(Beginning of Data block)

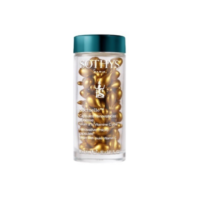 Sothys Noctuelle Capsules 20% Vitamine C Nuit / Nacht Serum in gouden capsule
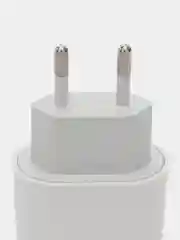 Блок питания для iPhone 25W, Type-C, с быстрой зарядкой, адаптер, зарядник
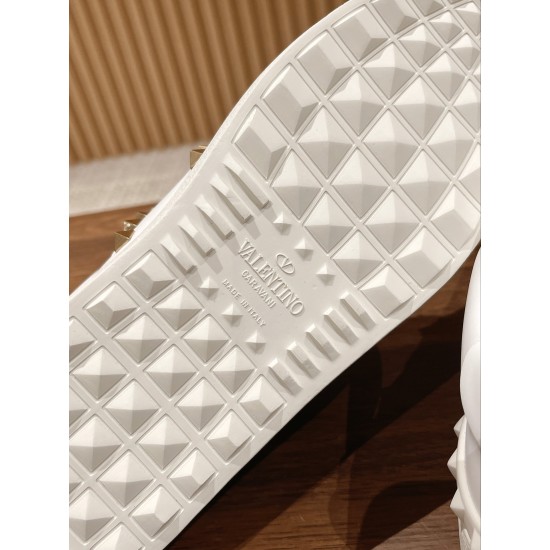 Sneakers White Shoes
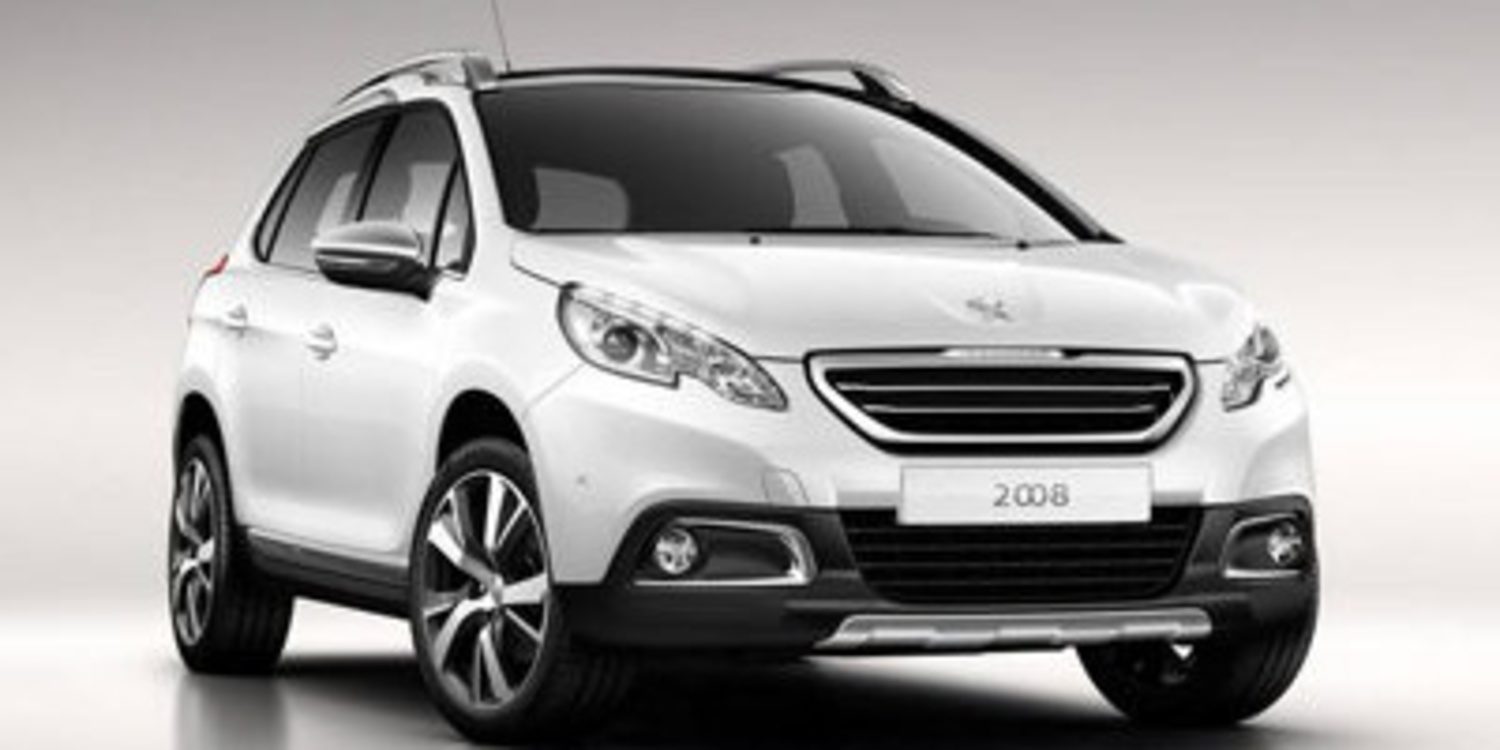 Peugeot 2008, premio al coche "Innovador"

(End of Data block)

• Goal of the exercise:
Extract the full listing exactly, with the pictures left out.

• Your response:
 Sothys Noctuelle Capsules 20% Vitamine C Nuit / Nacht Serum in gouden capsule
 Блок питания для iPhone 25W, Type-C, с быстрой зарядкой, адаптер, зарядник
 Sneakers White Shoes
 Peugeot 2008, premio al coche "Innovador"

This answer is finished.